NGFE Reports – Shale rules & regulations, a view from Austria
Surface use constraints present a challenge for shale gas in ‘old’ Europe
Poland may have vastly greater potential for developing the shale gas industry, but for other countries and players in Europe the issues they face are the same.
For that reason, Marion Kaisinger, Legal Advisor at Austrian energy firm OMV said, “Thanks for being interested in a country smaller than Poland.”
In her talk to delegates at the Global Shale Gas Summit in Warsaw, Poland, Ms. Kaisinger, who is in charge of the environmental and legal aspects of upstream activities at OMV, pledged to speak about the Austrian shale gas experience in regards to Surface Use Constraints & Regulatory Procedures in European Countries.
First, she talked about OMV and its equity in other Central European energy companies like Romania’s Petrom, mentioned OMV’s involvement in the Nabucco natural gas pipeline project, as well as her company’s vast natural gas underground storage capabilities.
Of shale gas drilling operations in Austria and in Europe, Ms. Kaisinger queried, “What does this mean from a regulatory perspective?” This led her to outlining the legal framework in Austria for exploration and production operations.
She proposed, “Let’s try to look at our experiences [in Austria] and see what it could mean for unconventionals.”
Kaisinger said that in this regard Austria has a broad legislative basis in addition to European legislation, that there are pre-EU laws in existence as well as provincial regulation like landscape protection
“The Mineral Resources Law covers all the mineral resources of Austria, which causes problems because it covers conventional mining as well as that of hydrocarbons; it also covers people water and environment, making it a sort of one-stop-shop procedure.”
In addition to noise protection, Kaisinger spoke about water protection laws: “Water enjoys a very stringent protection law that is 50 years old, which is difficult to believe. The authorities must be consulted when large quantities of water are used in mining.”
In regards to local nature protection, she said drilling developments also require permission. Kaisinger added, “There is a chance for a single window approach.”
“Over certain production capacities an environmental assessment must be completed. While there is a one-stop shop approach there, the challenges include the definition of and changes to projects, like stakeholder involvement.”
Ms. Kaisinger also spoke of the surface concerns at a concession where OMV expects a pending shale gas development. “It’s a populated area,” she said, “and you can imagine that the closer you get to Vienna, the higher the population density. It’s also an agricultural area.”

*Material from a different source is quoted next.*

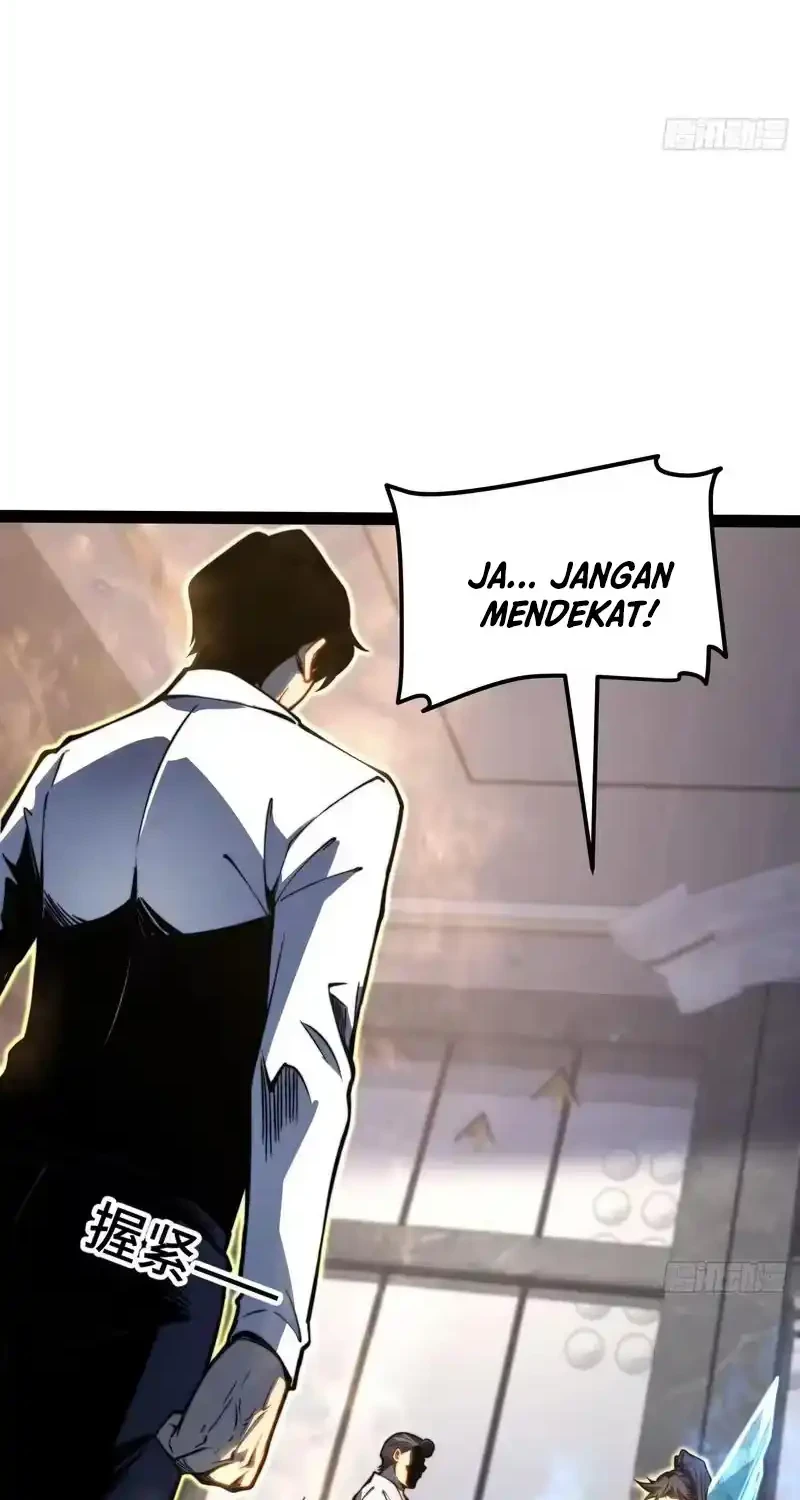 Full-Time Awakening Chapter 115 - halaman 30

According to her, huge swaths of lower Austria are landscape protection areas.
“One of the main challenges that I see is noise protection – this gets increasingly important the more permanent operations you get in one area. So the industry really needs to look into it. We are looking at rural areas where the present existing noise is low. There are exceptions for short-term developments.”
Emissions restrictions, water protection and waste management must also be considered, according to Kaisinger. While land is owned by individuals, including the right to ground water, ownership excludes the rights to hydrocarbons. She said, “Operators must seek mutual agreements with the landowners.”
“Water supply could be an issue,” she said of shale gas operations, “but due to our strict regulations it would make efficiency and recycling imperative.”
“Service industries must protect groundwater when doing fracing,” added Kaisinger. “We need to reduce the footprint and certain substances might not be usable and we might need to use substitutes.”
Ms. Kaisinger summed up, “I think it’s a challenge for unconventionals to work within the confines of European regulations.”